5歳と7歳(小1)の息子のアラフォーママ。

公認心理師・臨床心理士の資格を持っています。

心理士の仕事をしながら、発達心理学の視点も踏まえて、日々、子育て奮闘中。

夫にも積極的に育児に参加してもらい、親子でハッピーになれる時間を模索しています。

保護者の方のお悩みのひとつに、「子どもを他人の子と比べてしまい、落ち込んでしまう」という話をよく耳にします。

「自分の子は自分の子」と思いたい気持ちは山々ですが、なかなかそう考えるのも簡単ではないですよね。

今回から、「前半」と「後半」の2部に分けて、5歳の娘を育てる「TA」さんの「他の子と我が子を比べてしまい辛い」というお悩みにお答えしていきます。

お悩みの回答者は、公認心理師ライターの久美子ママです。

心理学や社会学など、さまざまな視点を交えながら分かりやすく、お悩みを解説します。

前半では、「比べてしまうのはなぜ?」をテーマに、子どもを比較してしまう親の心理についてお話しします。

(CONOBAS 編集部)

 

 

我が子を他の子と比べてしまい、辛いです……

❚ 5歳女の子のママ「TA」さんからのご相談

こんにちは、5歳の娘の母親TAと申します。どうぞよろしくお願いします。

娘が通う幼稚園のクラスには、子どもたちがその時々に描いた可愛い絵が飾られています。先日、公園に遠足に行ったときの絵も飾られていました。年長になって急に、みんなとても絵が上手になっていました。

娘の絵はどれだろうと探してみて、ビックリ。娘の絵は、3歳児が描いたようなぐちゃぐちゃな殴り描きのような絵でした……。

もちろん、子どもひとりひとり違うと言うことは分かっています。でも、なんだか軽いショックを受けてしまいました。

そういえば、娘の友達は、もう上手にひらがなが書けて、ママに手紙を書いてくれるそうです。娘も簡単なひらがなは書けるようになってきましたが、手紙を書くなんてまだまだ考えられません。

こんな風に、他人の子と比べるのはよくないと、自分に言い聞かせているんですが、どうしても比べてしまって私自身苦しいです。

どうすれば、比べないでいられるようになるでしょうか?

TAさんのお気持ちは痛いほどわかります。

私自身も5歳になった娘がおり、他の子と我が子を比べてしまうことがよくあります。

まずは、「どうして他人と比べてしまうのか」について、考えていきましょう。

 

目次

 

1.「他の子と比べる」「比べる病」はダメな親だから?

〇5歳の娘をもつママ「TA」さん(以下、ママTA):

我が子を他の子と比べるなんて、やめたいんですけど。どうしてもしてしまって…ダメ親ですよね……。

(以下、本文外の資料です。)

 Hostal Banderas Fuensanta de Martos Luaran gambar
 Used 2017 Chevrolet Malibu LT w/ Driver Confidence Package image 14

〇公認心理師ライター「久美子」さん(以下、心理師・久美子):

ご自分を「ダメ親」だなんて責めないでください。TAさんのように、やめたいと思っていても我が子を他の子と「比べてしまう」という親御さんは、結構多いんです。

そもそも、人は本質的に周りと比べたくなる生き物です。心理学ではこのような思いを【社会的比較】と呼び、人一般の心理として研究が行われています。

TAさんが比べてしまうのは、我が子だけでしょうか? ご自身のことも誰かと比べたりしていませんか? 我が子を比べてしまう心理の前に、まずは親であるTAさん自身について考えてみましょう。

人の心理として、「自分の能力が社会でどれぐらいなのかを知りたい」という気持ちがあります。私たちは生活する上で、自分の置かれた状況を把握しておかないといけませんよね。

例えば、「私の価値観ってみんなの常識から離れていないかな」とか、「私のスキルや立場って高いの? 低いの?」など。その答え合わせに使いやすいのが「他人と自分を比べる」です。

比べるときは、自分と似ている人を選びやすいと言われています。例えば、若い頃は学校の友達、社会人になったら職場の同年代の女性、そして結婚や出産後は、ママ友など、比べる対象は自分の環境に合わせて変化していきます。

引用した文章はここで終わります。